PMCID: for 1 last update 2020/07/02 PMC2647595PMC2647595
PMID: 17684286

south texas arthritis care center san antoniohow to south texas arthritis care center san antonio for Kevin K. Brown

1Department of the 1 last update 2020/07/02 Medicine, National Jewish Medical and Research Center, University of Colorado Health Sciences Center, Denver, Colorado1Department of Medicine, National Jewish Medical and Research Center, University of Colorado Health Sciences Center, Denver, Colorado

Find articles by Kevin K. Brown
1Department of Medicine, National Jewish Medical and Research Center, University of Colorado Health Sciences Center, Denver, Colorado
Correspondence and requests for reprints should be addressed to Kevin K. Brown, M.D., National Jewish Medical and Research Center, 1400 Jackson Street, Denver, CO 80206. E-mail: [email protected]
Received 2007 Mar 16; Accepted 2007 May 7.
Copyright © 2007, American Thoracic Society
This article has been cited by other articles in PMC.

Abstract

Rheumatoid arthritis (RA) is a common, functionally disabling disease with genetic and environmental contributors. It occurs in approximately 1% of the population and adversely affects quality of life, functional status, and survival. Beyond its impact on the joints, pulmonary involvement occurs regularly and is responsible for a significant portion of the morbidity and mortality. Although pulmonary infection and/or drug toxicity are frequent complications, lung disease directly associated with the underlying RA is more common. The airways, vasculature, parenchyma, and pleura can all be involved, with variable amounts of pathologic inflammation and fibrosis. The true adverse clinical impact of the most important of these directly associated disorders, RA-associated interstitial lung disease (RA-ILD), has only recently begun to reveal itself. Our knowledge of the underlying pathobiology and the impact of our current immunomodulatory and biologic therapies on the lung disease are less than incomplete. However, what is clear is the importance of progressive lung fibrosis in shortening survival and impairing quality of life in RA as well as in other connective tissue diseases. The impact of historically available and newer biologic therapies in altering the outcome of RA-ILD is unknown; translational studies focused on the pathobiology and clinical studies focused on the treatment of RA-ILD are needed.

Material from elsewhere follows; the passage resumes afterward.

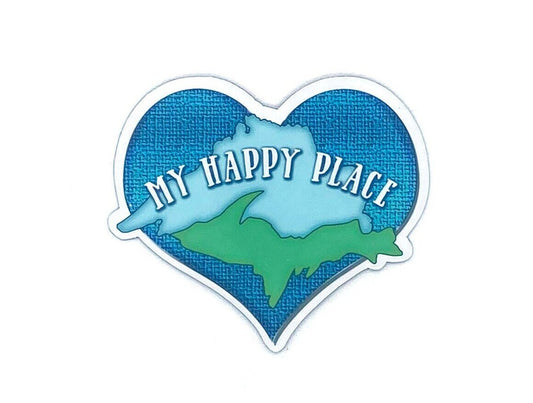Michigan Sticker, Upper Peninsula and Lake Superior, Happy Place, Heart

Keywords: rheumatoid arthritis, interstitial lung disease

Rheumatoid arthritis (RA) is a destructive, systemic, inflammatory disorder that is defined by its characteristic attack on diarthroidal joints. Over 2 million United States adults have RA, approximately 1% of the adult population. Its incidence ranges from 12 to 70 per 100,000 population in men and 25 to 130 per 100,000 population in women. Functional morbidity is high and mortality is increased; compared with the general population, the median survival is decreased by 10 to 11 years (1) and has not fundamentally changed over the last 40 years (2, 3). Financial costs are large; individual lifetime direct medical costs will approach $100,000, whereas total direct and indirect expenses associated with the disease in the United States are estimated to be over $3 billion annually (4).

A major portion of RA''s syndrome refers to conglomerations of nodules seen in patients with the combination of RA and pneumoconiosis (33). Aspiration pneumonitis and apical fibrobullous disease, such as that which occurs in ankylosing spondylitis, have been described.

RA–INTERSTITIAL LUNG DISEASE

The prevalence of interstitial lung disease (ILD) varies depending on the criteria used to establish the diagnosis. In retrospective studies, clinically significant ILD has been described in approximately 7% of subjects (6), whereas autopsy studies have described a prevalence of up to 35% (9). Prospective studies that use HRCT, the most sensitive technique for the detection of RA-related lung disease (12, 34), to specifically screen for disease have shown a much higher prevalence. In unselected populations, specific features of ILD will be seen in up to two-thirds of individuals (12, 13).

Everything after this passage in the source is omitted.